> [WHAT IS REQUIRED]
Your answer must be an exact copy of the lines from the one holding "Movenpick Caffe Crema" through the last line of the entries below, with nothing added.

*** RECORDS TO USE ***

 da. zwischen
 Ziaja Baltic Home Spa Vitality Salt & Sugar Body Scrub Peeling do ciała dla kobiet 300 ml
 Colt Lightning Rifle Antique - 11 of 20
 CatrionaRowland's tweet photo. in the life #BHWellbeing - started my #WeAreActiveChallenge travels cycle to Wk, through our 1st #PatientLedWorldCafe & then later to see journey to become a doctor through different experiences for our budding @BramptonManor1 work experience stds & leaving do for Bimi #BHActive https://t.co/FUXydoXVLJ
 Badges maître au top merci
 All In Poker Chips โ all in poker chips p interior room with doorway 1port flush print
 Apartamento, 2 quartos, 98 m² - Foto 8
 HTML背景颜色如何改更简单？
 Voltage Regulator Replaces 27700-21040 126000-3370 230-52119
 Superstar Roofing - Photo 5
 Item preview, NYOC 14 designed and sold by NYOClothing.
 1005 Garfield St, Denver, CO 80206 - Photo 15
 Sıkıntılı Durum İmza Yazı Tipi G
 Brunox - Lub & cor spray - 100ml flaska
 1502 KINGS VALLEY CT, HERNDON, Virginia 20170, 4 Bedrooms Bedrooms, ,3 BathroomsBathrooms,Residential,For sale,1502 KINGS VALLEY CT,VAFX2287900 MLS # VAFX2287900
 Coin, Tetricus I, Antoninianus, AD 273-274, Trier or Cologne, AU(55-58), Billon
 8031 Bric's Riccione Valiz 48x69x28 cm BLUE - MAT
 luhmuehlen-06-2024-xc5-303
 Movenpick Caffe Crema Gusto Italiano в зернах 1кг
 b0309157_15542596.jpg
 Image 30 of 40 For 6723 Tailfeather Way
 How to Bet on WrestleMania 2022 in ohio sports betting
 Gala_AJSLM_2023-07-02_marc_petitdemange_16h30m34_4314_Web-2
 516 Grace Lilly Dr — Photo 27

*** End of RECORDS TO USE ***

> [EXPECTED ANSWER]
 Movenpick Caffe Crema Gusto Italiano в зернах 1кг
 b0309157_15542596.jpg
 Image 30 of 40 For 6723 Tailfeather Way
 How to Bet on WrestleMania 2022 in ohio sports betting
 Gala_AJSLM_2023-07-02_marc_petitdemange_16h30m34_4314_Web-2
 516 Grace Lilly Dr — Photo 27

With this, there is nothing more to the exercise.